After writing the input data to the corresponding addresses of the five batch engines for each DPU, the memory arbiter starts the execution of that DPU kernel by setting the \(reg\_ap\_control\) register to 1 through the \(s\_axi\_control\) interface. This allows the Alveo card to process incoming network data without CPU involvement. The memory arbiter waits for DPU’s interrupt before it signals the start of a new batch.
We tested the DPU integrated with Ethernet system by directly connecting two Alveo U280 cards through their Quad Small Form-factor Pluggable (QSFP) ports. We programmed one of the Alveo cards as a producer of data, combining the CMAC and network layer kernel with a custom user TCP kernel. The TCP kernel opens a TCP connection to provide the IP and TCP port of the destination and to transmit the data over the network. To transmit data, a Tx control handshake is required before each payload transfer. The user kernel first transmits the session ID and the payload size and, upon receiving a positive acknowledgment from the TCP module, transmits the data. The second Alveo card is programmed as a consumer, with two DPU kernels: CMAC, and the modified network kernel, which includes the aforementioned memory arbiter module.
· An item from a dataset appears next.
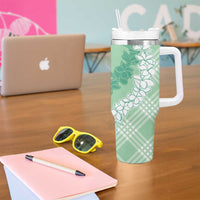 Hawaii Aloha Plumeria Lei Mint Palaka Tumbler With Handle - Polynesian Pride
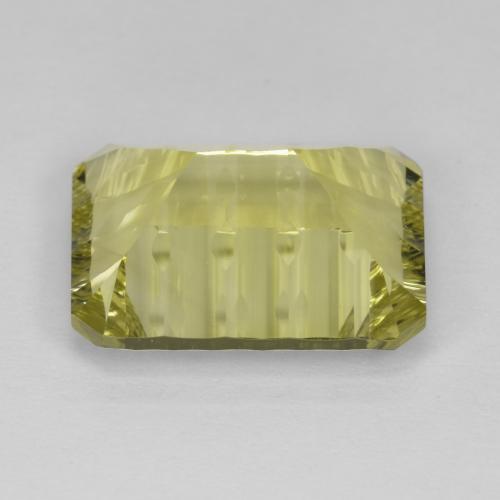 Quartzo amarelo natural 10,32ct, corte esmeralda, VVS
To achieve 100 Gbps, we pipelined the control handshake and payload transfer between the user kernel and the network kernel in the producer FPGA. Since the control handshake is required for each payload transfer and requires 10 to 30 clock cycles, a sequential control handshake-payload transfer may stall. To pipeline the process, we established 32 concurrent connections and pinned them to different threads using the OpenMP API; further increasing the number of concurrent connections yielded no further improvements in our experiments. Next, we transmitted packets whose sizes were a positive integer multiple of 64 bytes. The transmission process buffers portions of the payload in the global memory for retransmission in the event that packet loss and/or memory accesses with unaligned addresses decreases the bandwidth.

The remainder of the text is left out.